## Source material:

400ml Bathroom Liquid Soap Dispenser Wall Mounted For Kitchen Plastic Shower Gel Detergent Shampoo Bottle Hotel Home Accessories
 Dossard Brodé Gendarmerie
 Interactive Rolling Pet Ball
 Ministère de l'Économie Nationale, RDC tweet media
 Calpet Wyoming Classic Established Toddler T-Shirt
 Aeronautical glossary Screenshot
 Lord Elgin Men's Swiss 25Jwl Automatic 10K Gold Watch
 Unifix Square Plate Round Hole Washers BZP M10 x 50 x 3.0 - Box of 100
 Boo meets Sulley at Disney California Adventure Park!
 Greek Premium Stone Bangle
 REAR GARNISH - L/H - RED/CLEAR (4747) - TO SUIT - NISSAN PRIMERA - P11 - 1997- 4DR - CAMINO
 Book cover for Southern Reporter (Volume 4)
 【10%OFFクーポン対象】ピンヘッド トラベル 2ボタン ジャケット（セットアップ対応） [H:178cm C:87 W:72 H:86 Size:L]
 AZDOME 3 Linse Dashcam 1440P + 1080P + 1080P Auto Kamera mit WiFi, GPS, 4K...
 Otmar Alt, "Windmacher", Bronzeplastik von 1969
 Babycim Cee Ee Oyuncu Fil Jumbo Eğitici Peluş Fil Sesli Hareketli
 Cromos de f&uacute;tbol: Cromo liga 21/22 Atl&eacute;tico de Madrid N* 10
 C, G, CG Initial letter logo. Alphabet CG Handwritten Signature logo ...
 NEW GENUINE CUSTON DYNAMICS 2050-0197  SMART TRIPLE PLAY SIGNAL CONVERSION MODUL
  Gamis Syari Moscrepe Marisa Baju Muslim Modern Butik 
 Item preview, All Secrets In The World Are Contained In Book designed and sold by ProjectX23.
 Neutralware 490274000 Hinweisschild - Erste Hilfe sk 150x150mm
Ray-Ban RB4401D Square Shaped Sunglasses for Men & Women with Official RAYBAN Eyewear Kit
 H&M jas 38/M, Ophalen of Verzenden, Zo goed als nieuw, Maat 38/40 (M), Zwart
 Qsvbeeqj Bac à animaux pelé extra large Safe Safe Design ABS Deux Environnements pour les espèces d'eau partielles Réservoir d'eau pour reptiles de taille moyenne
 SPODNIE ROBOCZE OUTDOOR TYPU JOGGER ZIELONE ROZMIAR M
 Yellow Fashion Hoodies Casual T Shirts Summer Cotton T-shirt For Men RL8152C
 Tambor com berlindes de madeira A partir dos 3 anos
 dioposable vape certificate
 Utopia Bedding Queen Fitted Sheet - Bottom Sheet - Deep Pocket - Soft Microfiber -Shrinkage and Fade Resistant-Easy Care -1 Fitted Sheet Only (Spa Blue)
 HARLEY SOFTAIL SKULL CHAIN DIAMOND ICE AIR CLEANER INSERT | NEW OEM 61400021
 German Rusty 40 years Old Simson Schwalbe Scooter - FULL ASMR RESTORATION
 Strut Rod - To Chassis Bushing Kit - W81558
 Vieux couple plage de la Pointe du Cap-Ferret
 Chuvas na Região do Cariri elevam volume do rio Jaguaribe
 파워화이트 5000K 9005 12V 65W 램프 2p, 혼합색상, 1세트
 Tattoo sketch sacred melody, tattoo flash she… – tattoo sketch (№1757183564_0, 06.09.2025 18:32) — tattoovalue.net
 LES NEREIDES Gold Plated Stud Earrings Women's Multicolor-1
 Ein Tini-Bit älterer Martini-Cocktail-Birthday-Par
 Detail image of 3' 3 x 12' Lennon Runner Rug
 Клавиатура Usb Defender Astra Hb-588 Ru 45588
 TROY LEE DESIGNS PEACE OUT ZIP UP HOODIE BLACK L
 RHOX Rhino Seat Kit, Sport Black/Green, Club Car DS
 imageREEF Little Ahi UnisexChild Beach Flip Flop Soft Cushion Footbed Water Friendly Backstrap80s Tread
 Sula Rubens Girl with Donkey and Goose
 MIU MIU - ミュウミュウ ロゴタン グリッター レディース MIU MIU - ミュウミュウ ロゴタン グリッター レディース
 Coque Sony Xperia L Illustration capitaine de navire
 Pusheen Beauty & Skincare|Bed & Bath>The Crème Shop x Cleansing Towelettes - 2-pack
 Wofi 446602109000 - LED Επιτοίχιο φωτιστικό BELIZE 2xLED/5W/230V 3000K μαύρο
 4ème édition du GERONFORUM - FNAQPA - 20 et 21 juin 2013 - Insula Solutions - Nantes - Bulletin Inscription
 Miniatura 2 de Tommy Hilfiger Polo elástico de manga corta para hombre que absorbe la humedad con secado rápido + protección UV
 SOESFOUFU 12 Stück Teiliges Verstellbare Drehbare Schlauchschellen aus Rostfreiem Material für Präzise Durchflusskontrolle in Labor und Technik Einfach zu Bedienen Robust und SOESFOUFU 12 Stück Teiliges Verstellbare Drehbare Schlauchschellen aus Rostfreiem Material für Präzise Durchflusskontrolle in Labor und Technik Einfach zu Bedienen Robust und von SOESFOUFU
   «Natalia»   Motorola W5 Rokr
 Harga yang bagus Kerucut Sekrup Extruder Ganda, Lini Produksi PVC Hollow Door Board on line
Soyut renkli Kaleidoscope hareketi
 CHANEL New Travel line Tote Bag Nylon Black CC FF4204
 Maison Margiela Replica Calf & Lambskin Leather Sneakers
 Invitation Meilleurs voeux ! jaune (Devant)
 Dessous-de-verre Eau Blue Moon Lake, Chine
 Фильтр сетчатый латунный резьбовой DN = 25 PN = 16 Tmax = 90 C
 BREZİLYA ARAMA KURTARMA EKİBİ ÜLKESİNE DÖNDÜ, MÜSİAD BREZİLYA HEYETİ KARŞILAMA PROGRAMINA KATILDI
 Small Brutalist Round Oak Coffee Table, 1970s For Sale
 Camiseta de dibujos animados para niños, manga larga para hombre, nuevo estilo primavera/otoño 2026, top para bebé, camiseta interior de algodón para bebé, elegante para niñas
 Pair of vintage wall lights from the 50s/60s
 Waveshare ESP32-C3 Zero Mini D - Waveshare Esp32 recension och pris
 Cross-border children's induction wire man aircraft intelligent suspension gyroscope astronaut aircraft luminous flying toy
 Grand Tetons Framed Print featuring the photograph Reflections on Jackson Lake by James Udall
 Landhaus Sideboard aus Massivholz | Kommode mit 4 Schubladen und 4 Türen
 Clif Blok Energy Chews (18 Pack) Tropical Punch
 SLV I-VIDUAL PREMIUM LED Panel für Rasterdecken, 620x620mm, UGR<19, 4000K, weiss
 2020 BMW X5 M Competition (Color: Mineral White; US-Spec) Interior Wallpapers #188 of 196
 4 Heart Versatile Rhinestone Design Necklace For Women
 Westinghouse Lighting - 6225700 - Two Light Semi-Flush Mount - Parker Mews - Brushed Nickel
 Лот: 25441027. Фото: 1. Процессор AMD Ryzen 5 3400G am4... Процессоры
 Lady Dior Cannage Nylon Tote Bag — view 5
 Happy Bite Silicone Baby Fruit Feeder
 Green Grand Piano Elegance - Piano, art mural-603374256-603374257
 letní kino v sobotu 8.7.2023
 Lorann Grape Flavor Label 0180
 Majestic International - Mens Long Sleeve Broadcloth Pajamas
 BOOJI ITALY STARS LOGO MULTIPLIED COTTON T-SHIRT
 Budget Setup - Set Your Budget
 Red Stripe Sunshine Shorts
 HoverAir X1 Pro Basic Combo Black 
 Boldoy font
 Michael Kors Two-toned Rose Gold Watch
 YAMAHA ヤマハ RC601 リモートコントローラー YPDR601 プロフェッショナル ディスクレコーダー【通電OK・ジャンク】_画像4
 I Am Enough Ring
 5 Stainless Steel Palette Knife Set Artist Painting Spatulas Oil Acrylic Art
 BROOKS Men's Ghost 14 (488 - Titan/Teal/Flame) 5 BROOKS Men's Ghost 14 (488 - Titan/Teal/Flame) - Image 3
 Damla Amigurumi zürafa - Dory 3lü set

## Exercise objective:
A line belongs in the answer if it contains the word "Lake"; copy every such line from the data above.

## Output of the task:
 Dessous-de-verre Eau Blue Moon Lake, Chine
 Grand Tetons Framed Print featuring the photograph Reflections on Jackson Lake by James Udall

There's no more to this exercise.